Joseph, who has traveled to Israel seven times, said she also has friends she considers to be family in Israel. They live about 40 miles from Gaza, she said, and have been under “constant bombardment” since Oct. 7.

They’ve slept in a bomb shelter at least monthly for years, Joseph said, and there have been rockets that landed in their neighborhood since the most recent conflict broke out.

“The shock, the horror and the continuous fallout that just keeps happening every day, it’s just a new low,” she said. “It feels like there’s a new low every day.”

‘This is not OK’

Frank Emmert

Some 6,200 miles away from Israel, Frank Emmert, a professor at the Indiana University Robert H. McKinney School of Law, said there are still things people in the local legal community can do.

That includes knowing and sharing history.

Emmert cited maps showing the shrinkage of Palestinian land and expansion of Israeli land since 1947.

“I think we should understand that the Palestinians now are desperate,” he said.

Another thing those in the legal community should understand, Emmert said, is that Israel “absolutely” has a right to defend itself — but that self-defense has to be proportional.
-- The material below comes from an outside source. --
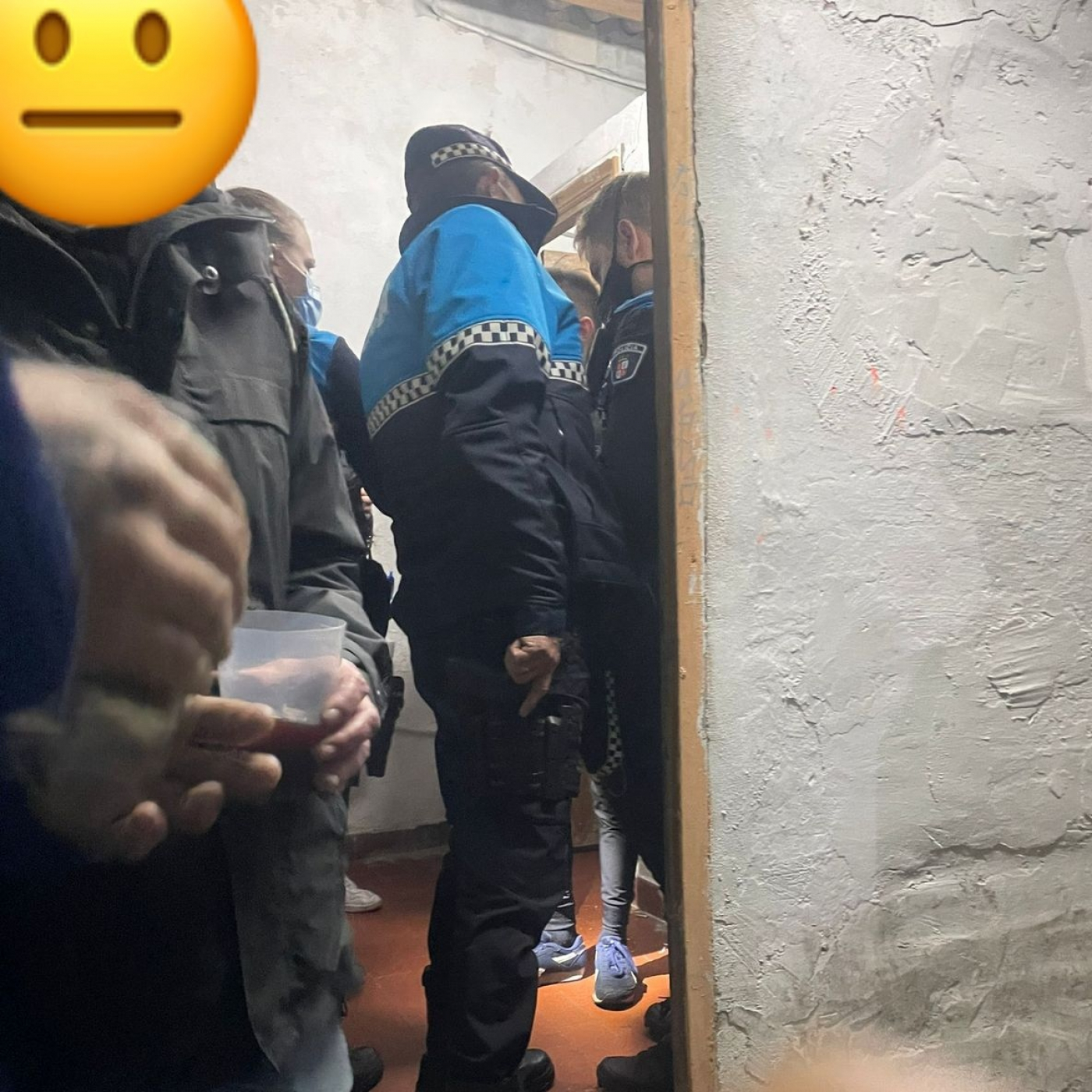 Onda Tikorama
Emmert called the actions of Hamas on Oct. 7 a “terrorist attack of the most evil kind” and said it needs to be condemned.

But what’s happening now in Gaza is not proportional, he said.

Reuters reported on Oct. 16 that, according to Hamas, Israel hadn’t resumed water supplies for the Gaza Strip despite its pledge to do so. Israel stopped piping water to Gaza as part of a siege following the attack by Hamas.

In the same Reuters report, an Israeli official said “some” water was being provided to an area south of the enclave.

And CNN reported on Oct. 11 that Gaza’s only power stations had stopped working when it ran out of the fuel it needs to run the plant. That was two days after the Israeli government ordered its “complete siege” of Gaza, shutting off access to not just water and fuel, but also food and electricity.

“You don’t need to be more than a human being to say this is not OK,” Emmert said.

Geyer also said she feels like Israel needs to defend itself, but added that it’s difficult to see what she described as a humanitarian crisis unfolding at the same time.

“I don’t have any easy answers to the Israeli-Palestinian conflict,” she said.

Hannah Joseph has traveled to Israel seven times, including in 2014 for a seminar for young Jewish leaders. (Photo courtesy of Joseph)

The expectation to ‘take a stand’

Geyer, a Jewish woman, said she doesn’t try to hide her faith but also doesn’t normally discuss it publicly. Growing up, she said she was told generally to keep that sort of thing private.

That’s part of what has made the last month so difficult.

People have looked to Geyer as a leader because of her role with the Indianapolis Bar Association. They’ve looked to her to, as she put it, “take a stand.”

But Geyer has had to explain to people that the bar association has a standing policy on statements, and it only allows comment on events within the community that meet certain requirements, such as ensuring fair access to justice and upholding the rule of law.

Geyer penned a recent column for Indiana Lawyer explaining that IndyBar isn’t a social advocacy group, and that just because it doesn’t put out a statement doesn’t mean members support the actions of Hamas.

Besides, Geyer said, it’s started to feel like 2020 all over again — when companies and organizations were rushing to make comments in response to the Black Lives Matter movement.

After a while, Geyer said, a two-sentence statement “gets lost in the weeds” and doesn’t have much value.

Joseph said her Jewish identity is a big part of her work as a lawyer.

One of the reasons she wanted to become a lawyer in the first place, she said, was because her Sunday school class did a project where they put God on trial for the Holocaust (it’s been a while, but she thinks she remembers being the prosecutor in that case).

As an attorney, Joseph said she’s never hidden her Jewish identity, even though there have been times when she was more hesitant to share it.

The hardest part now, Joseph said, is that as the line that separates her personal and work lives becomes blurred, she’s never felt so overwhelmed.